About this task: Return the data below in full and exactly, except that the pictures are dropped.

Given data:
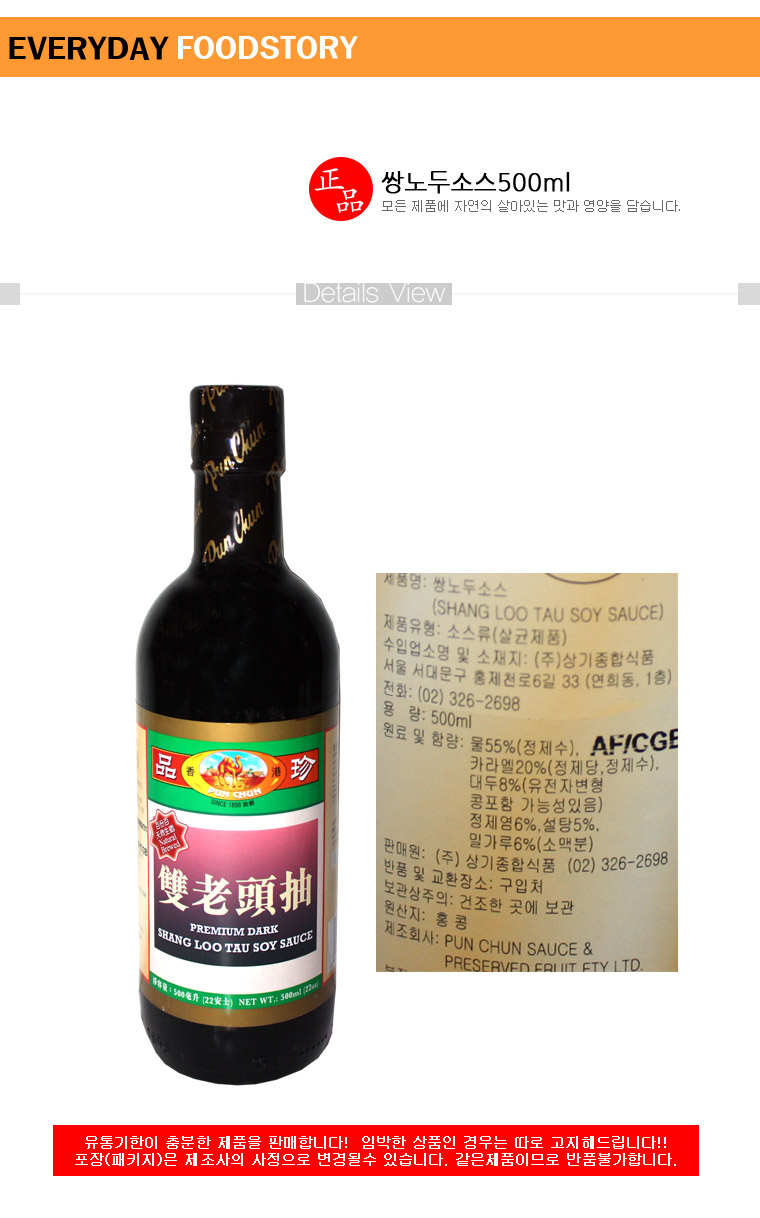상품 상세 이미지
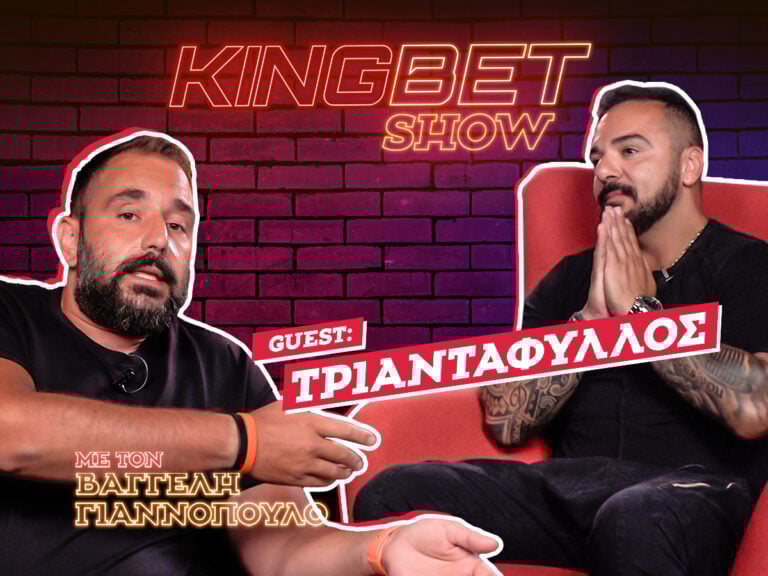 Kingbet Show: Πρεμιέρα με guest Τριαντάφυλλο!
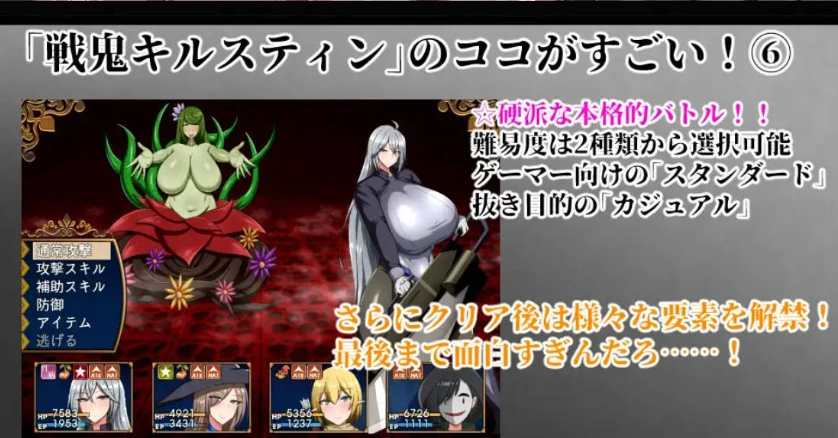 图片[5]-[RPG/汉化] 战鬼·克莉丝汀 挂载AI汉化版 [1.4G]-illusion中国 - - i社游戏-illusion中文汉化官方网站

Answer section:
상품 상세 이미지
 Kingbet Show: Πρεμιέρα με guest Τριαντάφυλλο!
 图片[5]-[RPG/汉化] 战鬼·克莉丝汀 挂载AI汉化版 [1.4G]-illusion中国 - - i社游戏-illusion中文汉化官方网站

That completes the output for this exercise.